REQUIRED ACTION> Without the images, set down each entry exactly.

Records from a dataset:
━━━━━━━━

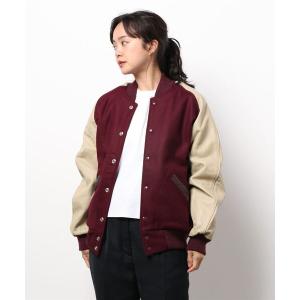 SKOOKUM（スクーカム） 別注 スタジャン スタジアムジャケット フード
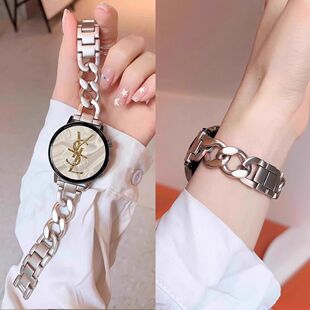 星光链条不锈钢金属华为GT6手表带GT54男女watch5高级fit适用3pro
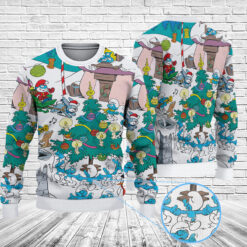 The Smurfs Christmas Knitted Sweater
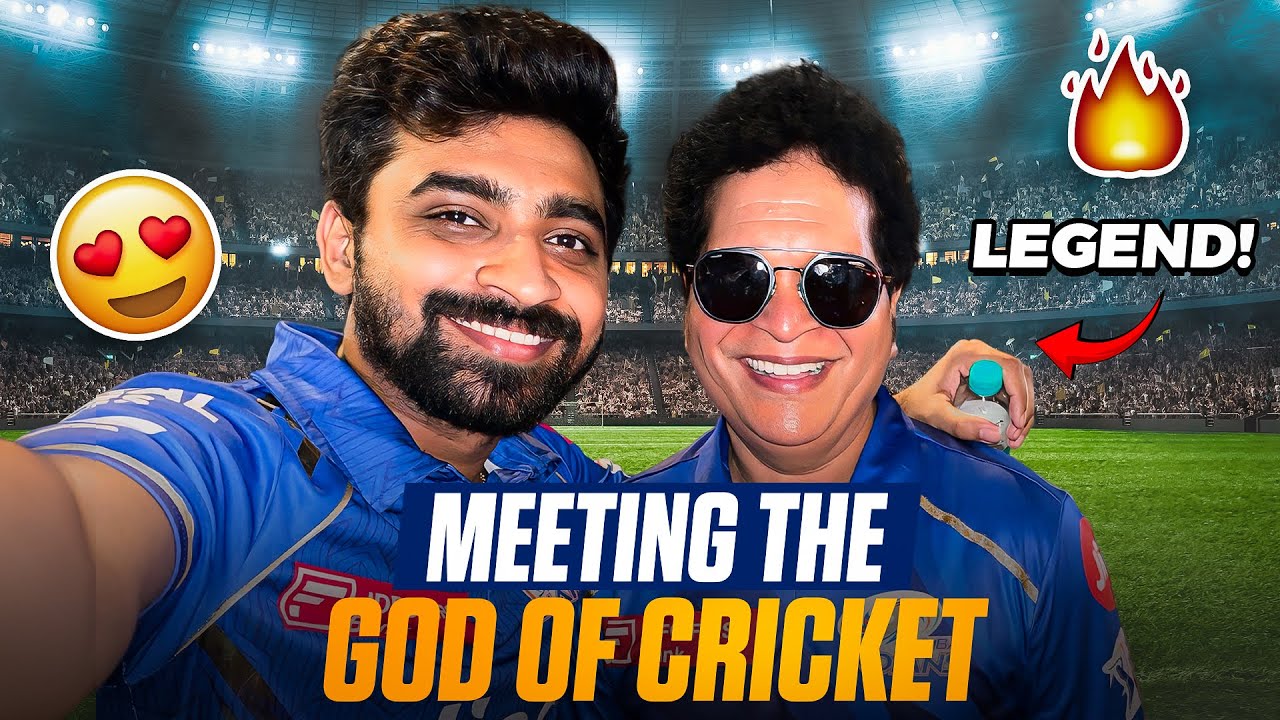 I Met Sachin Tendulkar at Station | MI vs RCB - Vlog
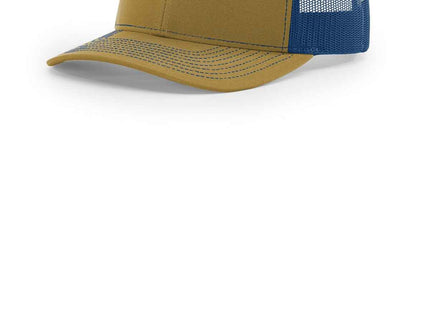 Richardson Trucker Cap 112 Biscuit True Blue OSFA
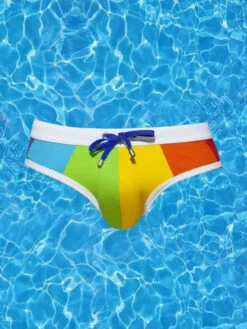 Mens Beachwear Bulge Pouch Paded Swim Briefs(Mens Beachwear Bulge Pouch Paded Swim Briefs)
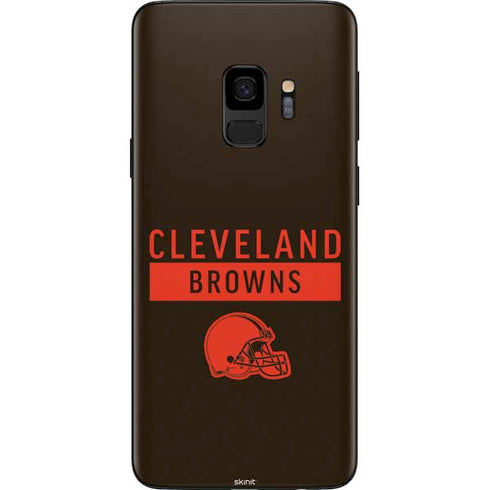 NFL Cleveland Browns Brown Performance Series Galaxy S9 Skin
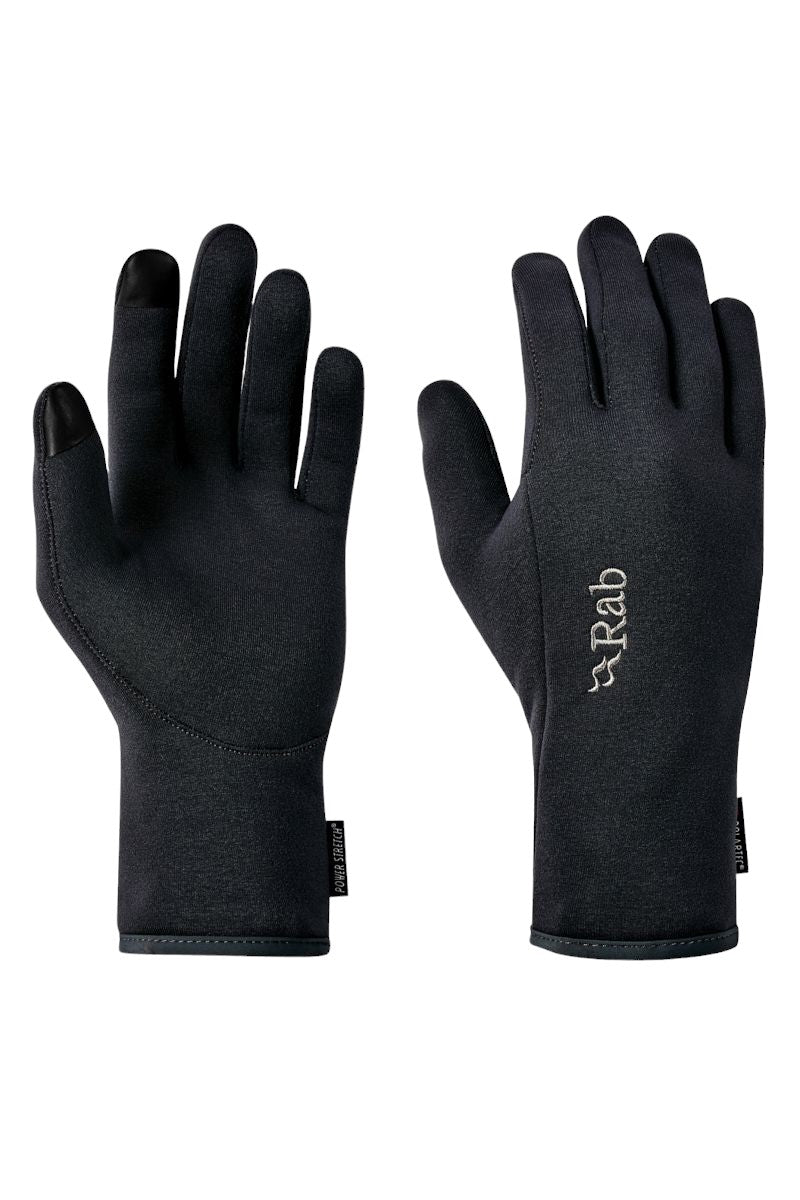 Rab Power Stretch Mens Contact Gloves, Black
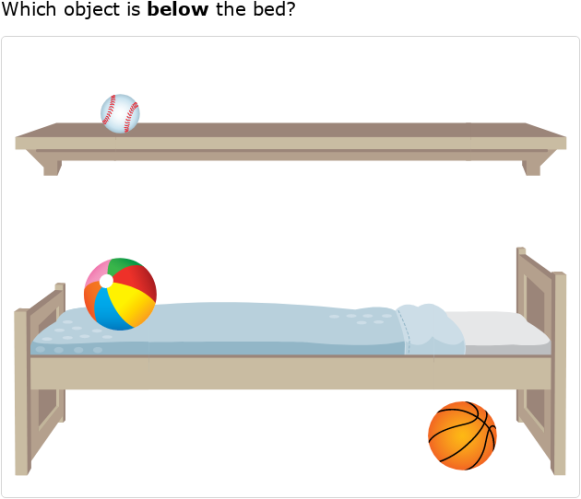 IXL - Above and below (Kindergarten 2 maths practice)
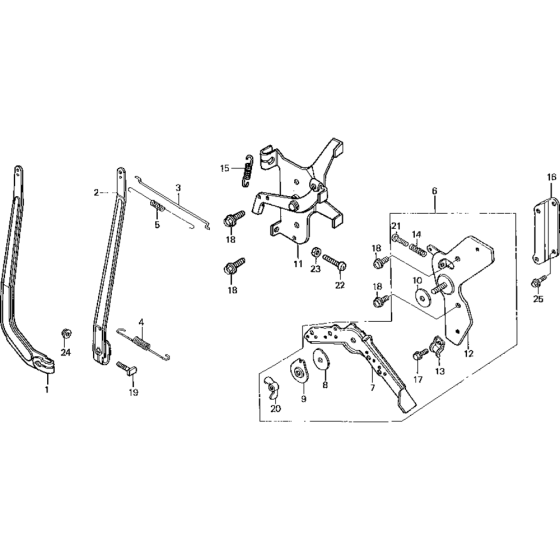 Control Assembly for Honda G200K1 Engines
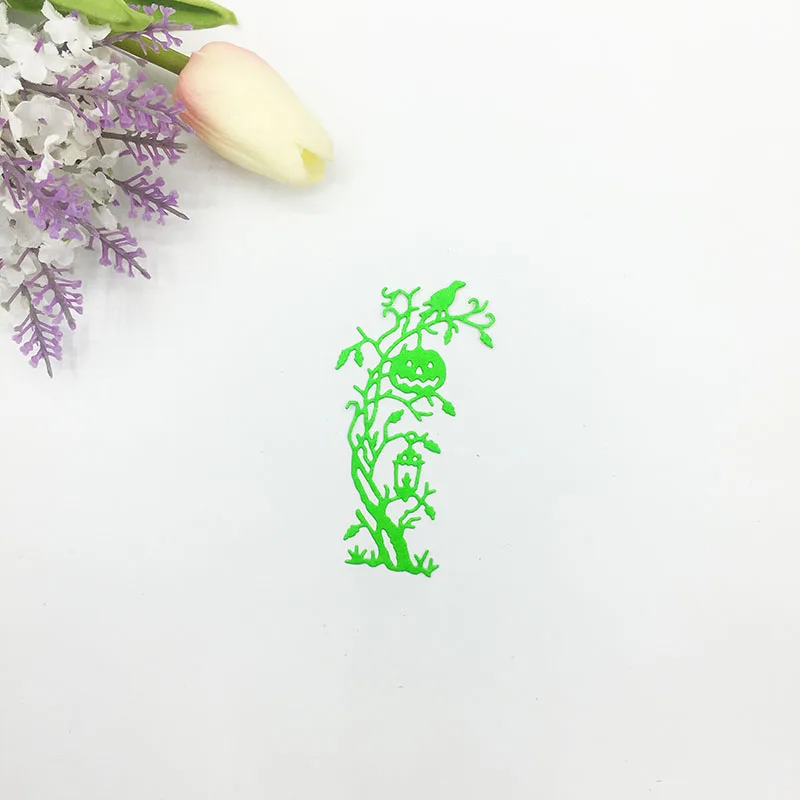 Julyarts Helloween Тыквы дерево резки металла умереть для скрапбукинга Nouveau Arrivage штампы Die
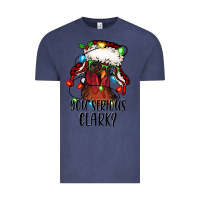 Vintage Denim you serious clark Christmas vacation rooster Vintage Tee - Jasminsmagicworld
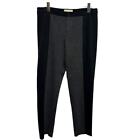 Michael Kors Size 14 Slimming Two Tone Black & Gray Pants
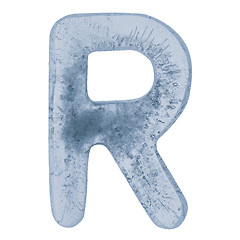 Image showing Letter R in ice
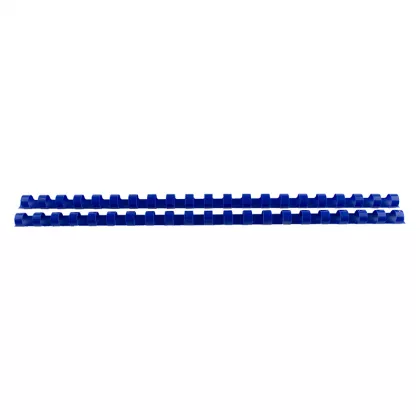 Inele plastic 10 mm, max 65 coli, 100buc/cut EVOffice albastru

━━━━━━━━

EXERCISE SOLUTION>
 SKOOKUM（スクーカム） 別注 スタジャン スタジアムジャケット フード
 星光链条不锈钢金属华为GT6手表带GT54男女watch5高级fit适用3pro
 The Smurfs Christmas Knitted Sweater
 I Met Sachin Tendulkar at Station | MI vs RCB - Vlog
 Richardson Trucker Cap 112 Biscuit True Blue OSFA
 Mens Beachwear Bulge Pouch Paded Swim Briefs(Mens Beachwear Bulge Pouch Paded Swim Briefs)
 NFL Cleveland Browns Brown Performance Series Galaxy S9 Skin
 Rab Power Stretch Mens Contact Gloves, Black
 IXL - Above and below (Kindergarten 2 maths practice)
 Control Assembly for Honda G200K1 Engines
 Julyarts Helloween Тыквы дерево резки металла умереть для скрапбукинга Nouveau Arrivage штампы Die
 Vintage Denim you serious clark Christmas vacation rooster Vintage Tee - Jasminsmagicworld
 Michael Kors Size 14 Slimming Two Tone Black & Gray Pants
 Image showing Letter R in ice
 Inele plastic 10 mm, max 65 coli, 100buc/cut EVOffice albastru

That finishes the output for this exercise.